▼
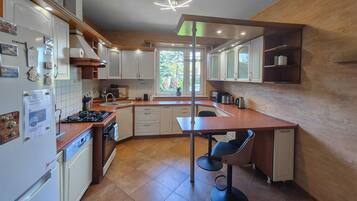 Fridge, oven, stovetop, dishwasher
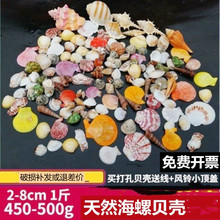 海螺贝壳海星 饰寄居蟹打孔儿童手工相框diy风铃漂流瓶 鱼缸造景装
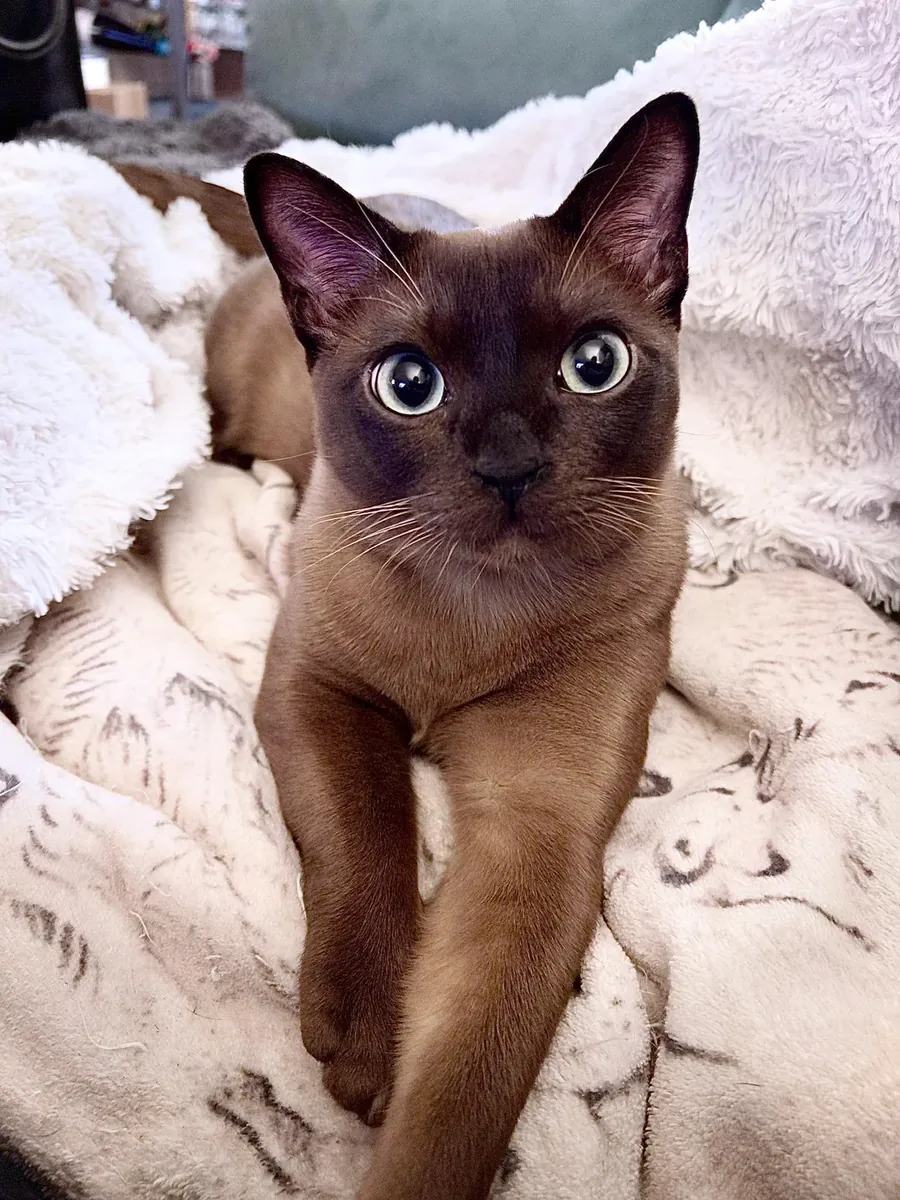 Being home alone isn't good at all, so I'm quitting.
▲
▼
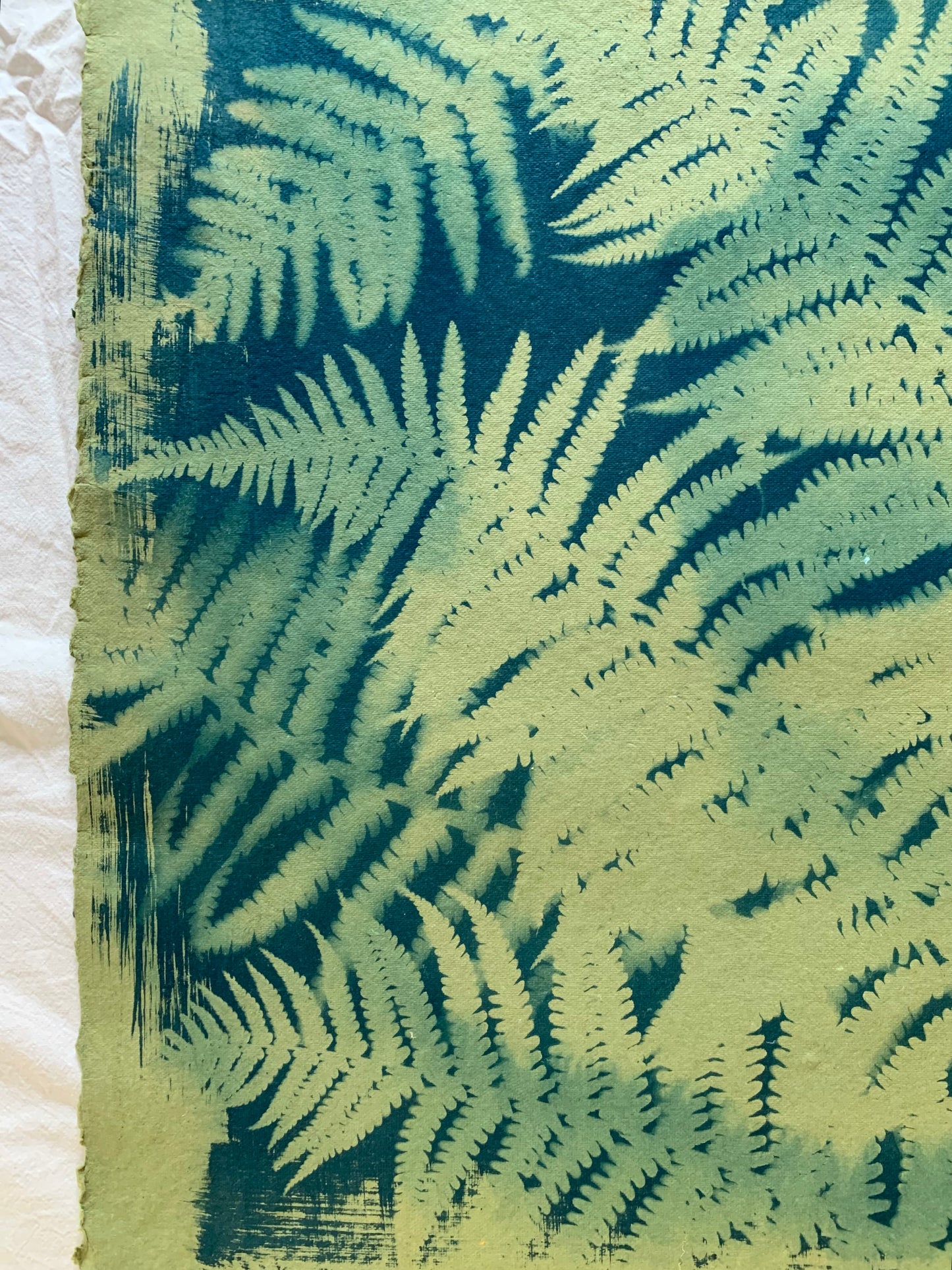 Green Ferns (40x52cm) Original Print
▲
#### Your instructions:
Could the stretch from the line with "Fridge, oven, stovetop, dishwasher" through the line with "Being home alone" in the listing above be restated word for word, minus the pictures?

#### Written reply:
 Fridge, oven, stovetop, dishwasher
 海螺贝壳海星 饰寄居蟹打孔儿童手工相框diy风铃漂流瓶 鱼缸造景装
 Being home alone isn't good at all, so I'm quitting.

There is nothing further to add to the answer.